Li, Xianyao, Swaggerty, Christina L., Kogut, Michael H., Chiang, Hsin I, Wang, Ying, Genovese, Kenneth J., He, Haiqi, McCarthy, Fiona M., Burgess, Shane C., Pevzner, Igal Y., Zhou, Huaijun
Immunogenetics 2011 v.64 pp. 59
Campylobacter jejuni, RNA, apoptosis, bacterial enteritis, cell differentiation, chickens, cytochrome c, digestive tract, disease resistance, erythrocytes, gene expression regulation, genes, genetic lines, genetic resistance, hematopoiesis, humans, humoral immunity, lymphocyte proliferation, microarray technology, mitochondria, poultry products, resistance mechanisms, spleen, transcription (genetics)

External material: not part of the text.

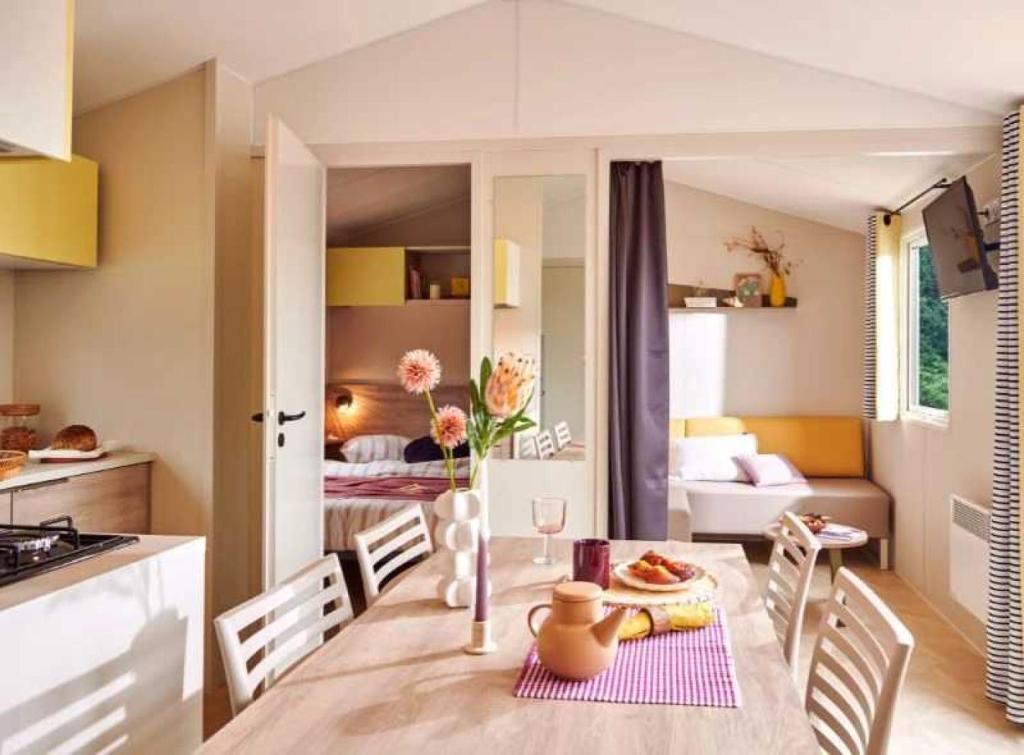 Photo de la galerie de l'établissement Camping - Parc aquatique - ccaghdi, à Saint-Jean-de-Monts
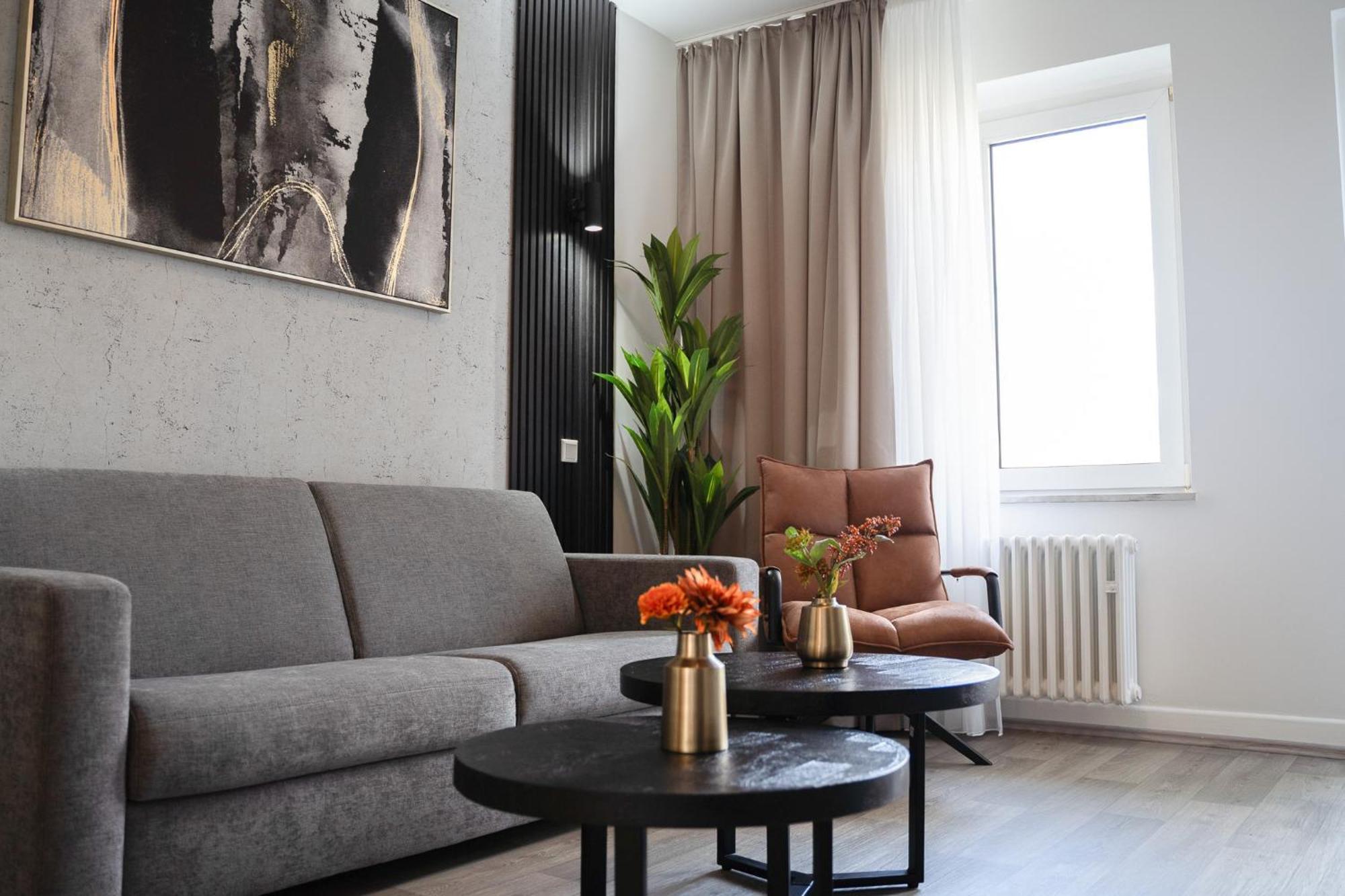 Junik Apartments Oberhausen No º11 Ngoại thất bức ảnh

Campylobacter jejuni (C. jejuni) is a leading cause of human bacterial enteritis worldwide with poultry products being a major source of C. jejuni contamination. The chicken is the natural reservoir of C. jejuni where bacteria colonize the digestive tract of poultry, but rarely cause symptoms of disease. To understand the systemic molecular response mechanisms to C. jejuni infection in chickens, total splenic RNA was isolated and applied to a whole genome chicken microarray for comparison between infected (I) and non-infected (N) chickens within and between genetic lines A and B. There were more total splenic host genes responding to the infection in resistant line A than in susceptible line B. Specifically, genes for lymphocyte activation, differentiation and humoral response, and Ig light and heavy chain were upregulated in the resistant line. In the susceptible line, genes for regulation of erythrocyte differentiation, hemopoiesis, and RNA biosynthetic process were all downregulated. An interaction analysis between genetic lines and treatment demonstrated distinct defense mechanisms between lines: the resistant line promoted apoptosis and cytochrome c release from mitochondria, whereas the susceptible line responded with a downregulation of both functions. This was the first time that such systemic defensive mechanisms against C. jejuni infection have been reported. The results of this study revealed novel molecular mechanisms of the systemic host responses to C. jejuni infection in chickens that warrant further investigation.